Could you set down the full listing, unchanged?

§ **DATA EXCERPTS**:
Start of Block
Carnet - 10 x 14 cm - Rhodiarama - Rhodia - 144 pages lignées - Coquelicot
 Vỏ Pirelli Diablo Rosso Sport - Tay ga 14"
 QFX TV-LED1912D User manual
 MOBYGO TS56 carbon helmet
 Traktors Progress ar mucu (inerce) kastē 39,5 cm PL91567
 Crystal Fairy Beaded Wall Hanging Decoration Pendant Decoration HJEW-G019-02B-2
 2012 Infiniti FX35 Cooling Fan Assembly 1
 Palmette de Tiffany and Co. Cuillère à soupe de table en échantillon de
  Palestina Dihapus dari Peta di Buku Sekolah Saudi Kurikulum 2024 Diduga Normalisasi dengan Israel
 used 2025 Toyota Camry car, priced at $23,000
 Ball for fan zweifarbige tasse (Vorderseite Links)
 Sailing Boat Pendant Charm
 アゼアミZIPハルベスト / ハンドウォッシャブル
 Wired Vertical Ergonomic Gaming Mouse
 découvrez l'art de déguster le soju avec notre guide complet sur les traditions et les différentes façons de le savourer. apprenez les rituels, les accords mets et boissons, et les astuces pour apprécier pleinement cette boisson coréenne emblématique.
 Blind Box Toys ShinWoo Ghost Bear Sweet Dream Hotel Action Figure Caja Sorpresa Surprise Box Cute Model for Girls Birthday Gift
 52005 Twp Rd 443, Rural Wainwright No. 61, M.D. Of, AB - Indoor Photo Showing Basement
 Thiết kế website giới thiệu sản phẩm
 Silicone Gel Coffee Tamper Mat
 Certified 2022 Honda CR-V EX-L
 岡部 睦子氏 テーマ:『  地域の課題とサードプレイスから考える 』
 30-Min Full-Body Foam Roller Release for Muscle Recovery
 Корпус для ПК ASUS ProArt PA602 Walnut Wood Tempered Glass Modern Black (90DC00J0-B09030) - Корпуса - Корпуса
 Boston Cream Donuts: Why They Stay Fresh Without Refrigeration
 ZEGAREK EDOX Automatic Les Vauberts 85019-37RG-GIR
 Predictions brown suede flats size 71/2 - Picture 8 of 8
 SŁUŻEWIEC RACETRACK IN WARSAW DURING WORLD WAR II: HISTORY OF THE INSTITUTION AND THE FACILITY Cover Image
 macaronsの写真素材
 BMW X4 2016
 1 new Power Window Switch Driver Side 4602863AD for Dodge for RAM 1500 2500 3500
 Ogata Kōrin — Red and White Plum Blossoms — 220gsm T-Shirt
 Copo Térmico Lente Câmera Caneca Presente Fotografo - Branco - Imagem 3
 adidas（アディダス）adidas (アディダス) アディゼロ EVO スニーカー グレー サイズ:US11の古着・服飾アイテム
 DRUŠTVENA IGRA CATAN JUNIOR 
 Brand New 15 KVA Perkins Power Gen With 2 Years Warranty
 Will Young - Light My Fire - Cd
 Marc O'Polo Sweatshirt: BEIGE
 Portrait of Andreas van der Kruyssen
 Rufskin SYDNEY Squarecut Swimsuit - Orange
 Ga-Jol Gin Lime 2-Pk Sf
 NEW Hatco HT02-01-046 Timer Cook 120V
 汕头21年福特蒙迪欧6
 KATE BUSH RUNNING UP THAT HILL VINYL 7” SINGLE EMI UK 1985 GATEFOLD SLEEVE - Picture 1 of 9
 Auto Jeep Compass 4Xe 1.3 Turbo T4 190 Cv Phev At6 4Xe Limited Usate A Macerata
End of Block
§ **SOLUTION BELOW**:
Carnet - 10 x 14 cm - Rhodiarama - Rhodia - 144 pages lignées - Coquelicot
 Vỏ Pirelli Diablo Rosso Sport - Tay ga 14"
 QFX TV-LED1912D User manual
 MOBYGO TS56 carbon helmet
 Traktors Progress ar mucu (inerce) kastē 39,5 cm PL91567
 Crystal Fairy Beaded Wall Hanging Decoration Pendant Decoration HJEW-G019-02B-2
 2012 Infiniti FX35 Cooling Fan Assembly 1
 Palmette de Tiffany and Co. Cuillère à soupe de table en échantillon de
  Palestina Dihapus dari Peta di Buku Sekolah Saudi Kurikulum 2024 Diduga Normalisasi dengan Israel
 used 2025 Toyota Camry car, priced at $23,000
 Ball for fan zweifarbige tasse (Vorderseite Links)
 Sailing Boat Pendant Charm
 アゼアミZIPハルベスト / ハンドウォッシャブル
 Wired Vertical Ergonomic Gaming Mouse
 découvrez l'art de déguster le soju avec notre guide complet sur les traditions et les différentes façons de le savourer. apprenez les rituels, les accords mets et boissons, et les astuces pour apprécier pleinement cette boisson coréenne emblématique.
 Blind Box Toys ShinWoo Ghost Bear Sweet Dream Hotel Action Figure Caja Sorpresa Surprise Box Cute Model for Girls Birthday Gift
 52005 Twp Rd 443, Rural Wainwright No. 61, M.D. Of, AB - Indoor Photo Showing Basement
 Thiết kế website giới thiệu sản phẩm
 Silicone Gel Coffee Tamper Mat
 Certified 2022 Honda CR-V EX-L
 岡部 睦子氏 テーマ:『  地域の課題とサードプレイスから考える 』
 30-Min Full-Body Foam Roller Release for Muscle Recovery
 Корпус для ПК ASUS ProArt PA602 Walnut Wood Tempered Glass Modern Black (90DC00J0-B09030) - Корпуса - Корпуса
 Boston Cream Donuts: Why They Stay Fresh Without Refrigeration
 ZEGAREK EDOX Automatic Les Vauberts 85019-37RG-GIR
 Predictions brown suede flats size 71/2 - Picture 8 of 8
 SŁUŻEWIEC RACETRACK IN WARSAW DURING WORLD WAR II: HISTORY OF THE INSTITUTION AND THE FACILITY Cover Image
 macaronsの写真素材
 BMW X4 2016
 1 new Power Window Switch Driver Side 4602863AD for Dodge for RAM 1500 2500 3500
 Ogata Kōrin — Red and White Plum Blossoms — 220gsm T-Shirt
 Copo Térmico Lente Câmera Caneca Presente Fotografo - Branco - Imagem 3
 adidas（アディダス）adidas (アディダス) アディゼロ EVO スニーカー グレー サイズ:US11の古着・服飾アイテム
 DRUŠTVENA IGRA CATAN JUNIOR 
 Brand New 15 KVA Perkins Power Gen With 2 Years Warranty
 Will Young - Light My Fire - Cd
 Marc O'Polo Sweatshirt: BEIGE
 Portrait of Andreas van der Kruyssen
 Rufskin SYDNEY Squarecut Swimsuit - Orange
 Ga-Jol Gin Lime 2-Pk Sf
 NEW Hatco HT02-01-046 Timer Cook 120V
 汕头21年福特蒙迪欧6
 KATE BUSH RUNNING UP THAT HILL VINYL 7” SINGLE EMI UK 1985 GATEFOLD SLEEVE - Picture 1 of 9
 Auto Jeep Compass 4Xe 1.3 Turbo T4 190 Cv Phev At6 4Xe Limited Usate A Macerata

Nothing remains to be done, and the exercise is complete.